◆ **Exercise instructions**: Set down every line from the one containing "work area, in the work area, at a" through the last line of the records below, exactly as written, and leave out the pictures.

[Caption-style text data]

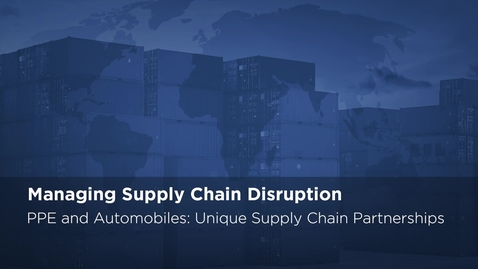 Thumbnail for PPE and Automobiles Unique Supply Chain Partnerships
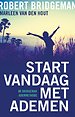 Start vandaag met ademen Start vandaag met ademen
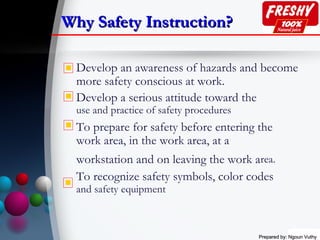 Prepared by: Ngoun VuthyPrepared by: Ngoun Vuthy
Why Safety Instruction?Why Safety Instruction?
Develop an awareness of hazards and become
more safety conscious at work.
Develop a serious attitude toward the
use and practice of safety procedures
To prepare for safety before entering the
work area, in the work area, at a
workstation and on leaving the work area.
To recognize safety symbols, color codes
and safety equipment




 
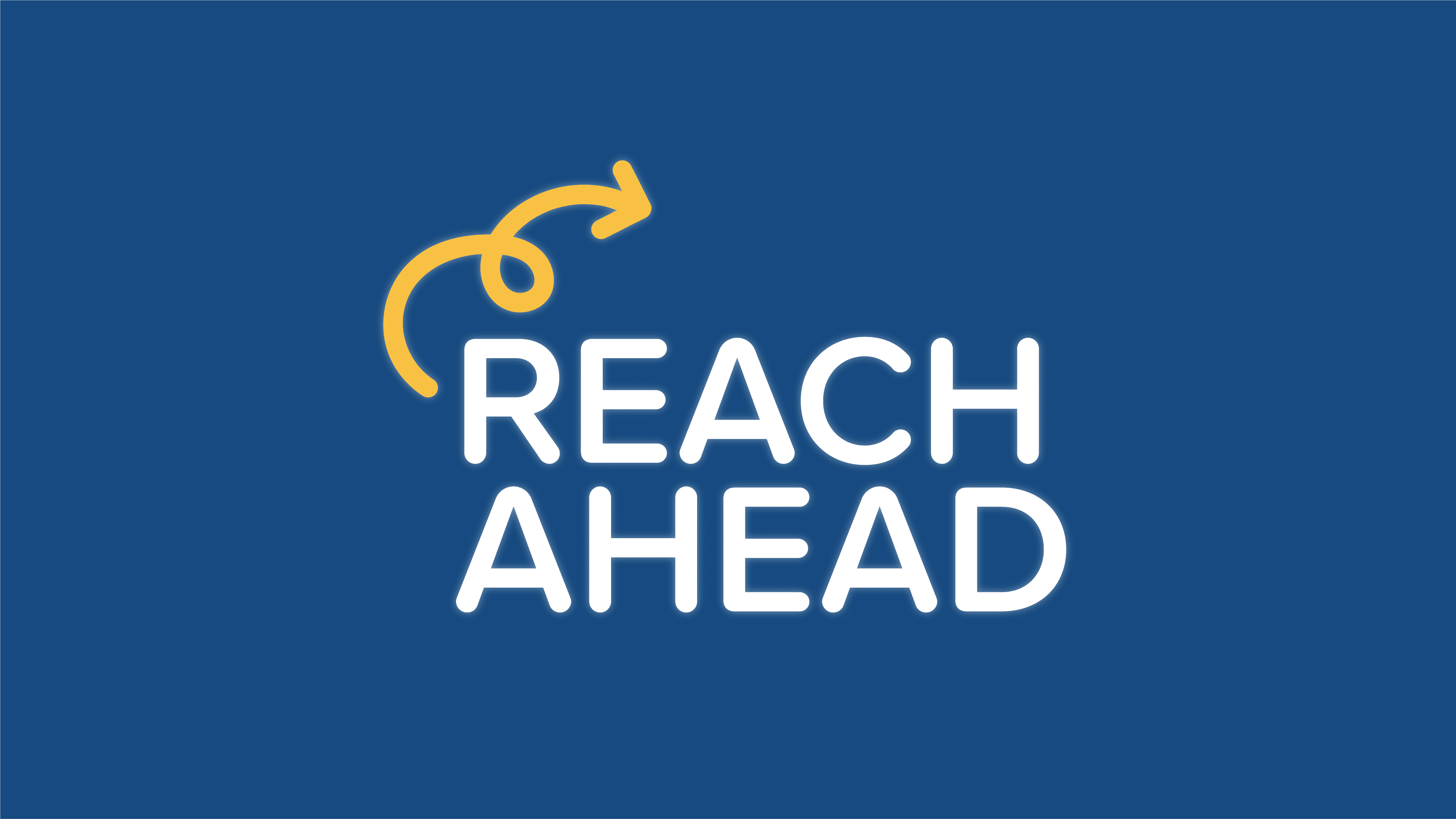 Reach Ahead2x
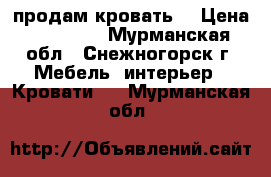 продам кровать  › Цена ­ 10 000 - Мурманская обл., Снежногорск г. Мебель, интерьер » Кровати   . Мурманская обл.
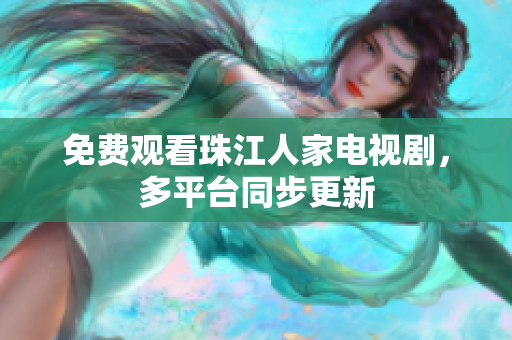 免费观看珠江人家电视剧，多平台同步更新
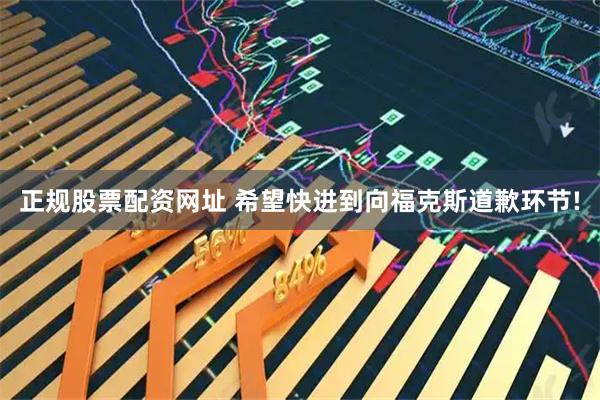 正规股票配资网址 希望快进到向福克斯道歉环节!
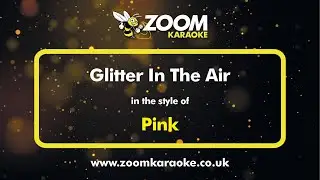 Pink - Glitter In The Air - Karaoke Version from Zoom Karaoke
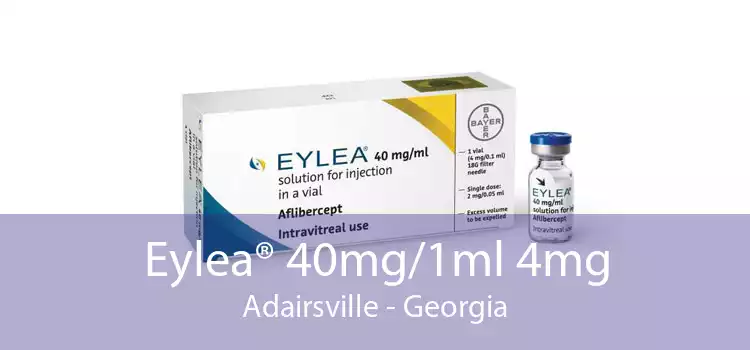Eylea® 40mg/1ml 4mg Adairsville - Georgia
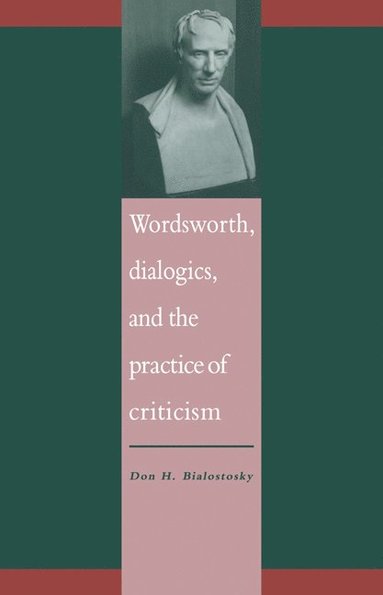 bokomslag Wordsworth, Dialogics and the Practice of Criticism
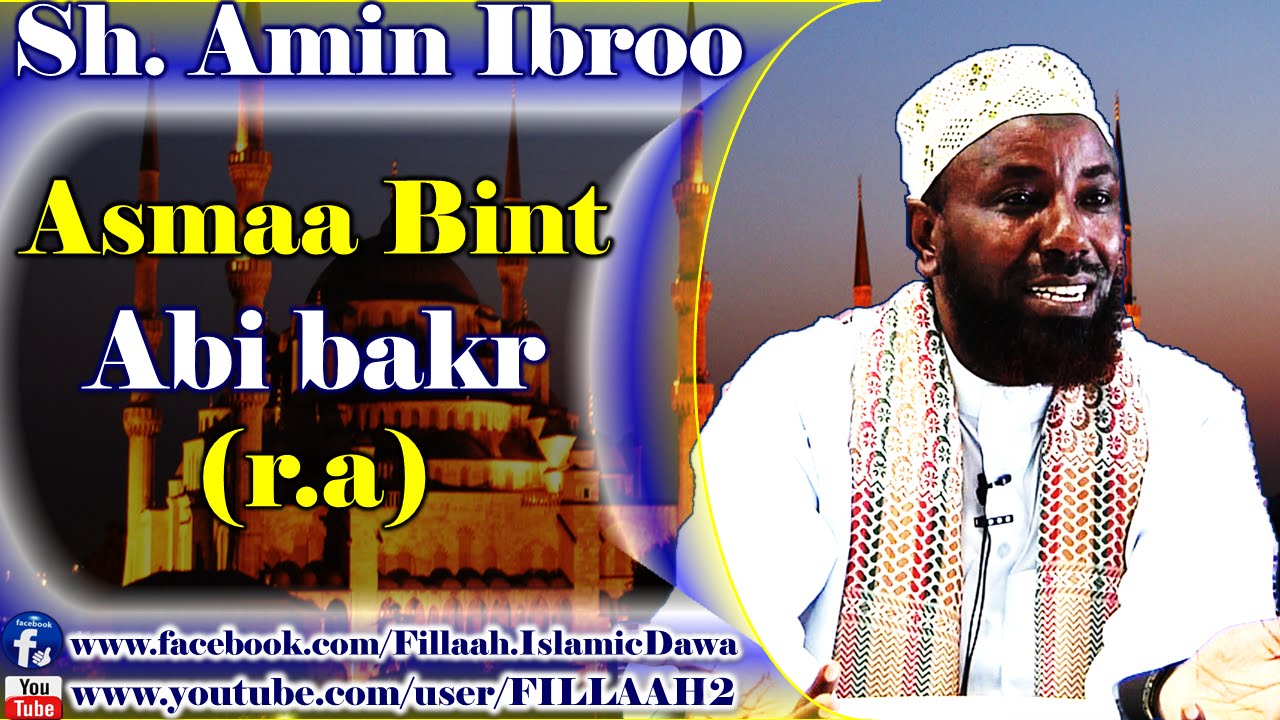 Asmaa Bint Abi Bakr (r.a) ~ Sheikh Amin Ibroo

◆ **Reply to the task**:
work area, in the work area, at a
workstation and on leaving the work area.
To recognize safety symbols, color codes
and safety equipment




 
 Reach Ahead2x
 продам кровать  › Цена ­ 10 000 - Мурманская обл., Снежногорск г. Мебель, интерьер » Кровати   . Мурманская обл.
 免费观看珠江人家电视剧，多平台同步更新
 正规股票配资网址 希望快进到向福克斯道歉环节!
 Pink - Glitter In The Air - Karaoke Version from Zoom Karaoke
Eylea® 40mg/1ml 4mg Adairsville - Georgia
 bokomslag Wordsworth, Dialogics and the Practice of Criticism
 Asmaa Bint Abi Bakr (r.a) ~ Sheikh Amin Ibroo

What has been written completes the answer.